Zwangere en pas bevallen werknemers hebben rechts op aangepaste arbeidsomstandigheden. Lees waaraan u moet voldoen.
Werknemers moeten in alle fasen van een zwangerschap veilig en gezond kunnen werken. Zij hebben speciale rechten en u moet het werk aanpassen.
Voorlichting over risico's
Vertelt uw werknemer dat zij zwanger is of borstvoeding wil gaan geven? Of heeft uw werknemer een kinderwens? Dan moet u informatie geven over de risico's van het werk voor de zwangerschap, het ongeboren kind en de werknemer zelf. Risico’s voor een zwangere werknemer zijn:
- zwaar werk (bijvoorbeeld tillen en bukken)
- werken onder grote psychische belasting (bijvoorbeeld stress, hoge werkdruk of agressie)

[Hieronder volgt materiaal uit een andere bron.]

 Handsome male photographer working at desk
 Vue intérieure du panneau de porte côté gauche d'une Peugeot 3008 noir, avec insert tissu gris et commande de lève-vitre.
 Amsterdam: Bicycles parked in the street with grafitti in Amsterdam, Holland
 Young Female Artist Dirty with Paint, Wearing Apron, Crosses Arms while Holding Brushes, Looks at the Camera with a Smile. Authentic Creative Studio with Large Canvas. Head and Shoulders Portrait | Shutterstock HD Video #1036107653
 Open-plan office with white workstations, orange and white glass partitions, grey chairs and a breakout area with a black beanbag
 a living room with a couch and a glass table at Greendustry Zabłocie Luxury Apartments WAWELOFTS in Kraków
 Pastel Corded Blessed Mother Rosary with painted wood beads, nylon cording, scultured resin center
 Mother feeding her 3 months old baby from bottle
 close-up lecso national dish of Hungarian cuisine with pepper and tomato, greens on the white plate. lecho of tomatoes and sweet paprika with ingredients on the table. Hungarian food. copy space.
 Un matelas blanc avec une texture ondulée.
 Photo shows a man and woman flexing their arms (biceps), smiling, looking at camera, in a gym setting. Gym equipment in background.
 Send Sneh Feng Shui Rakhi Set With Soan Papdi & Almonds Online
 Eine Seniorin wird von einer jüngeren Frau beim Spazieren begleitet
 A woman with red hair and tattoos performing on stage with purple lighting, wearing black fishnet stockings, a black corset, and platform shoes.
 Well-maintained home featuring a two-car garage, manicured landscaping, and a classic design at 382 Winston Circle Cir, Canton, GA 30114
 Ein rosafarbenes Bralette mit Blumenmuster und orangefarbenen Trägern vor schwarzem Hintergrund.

- werken onder druk, lawaai, trillingen en straling
- onregelmatige werktijden
- werken met gevaarlijke stoffen
- blootstelling aan biologische agentia (bacteriën, virussen en parasieten)
Werk aanpassen
U moet de risico's wegnemen door:
- het werk of de werkplek aan te passen
- de werktijden en/of rusttijden te veranderen
- de werknemer ander werk of vrijstelling van werk te geven
Risico-inventarisatie en -evaluatie (RI&E)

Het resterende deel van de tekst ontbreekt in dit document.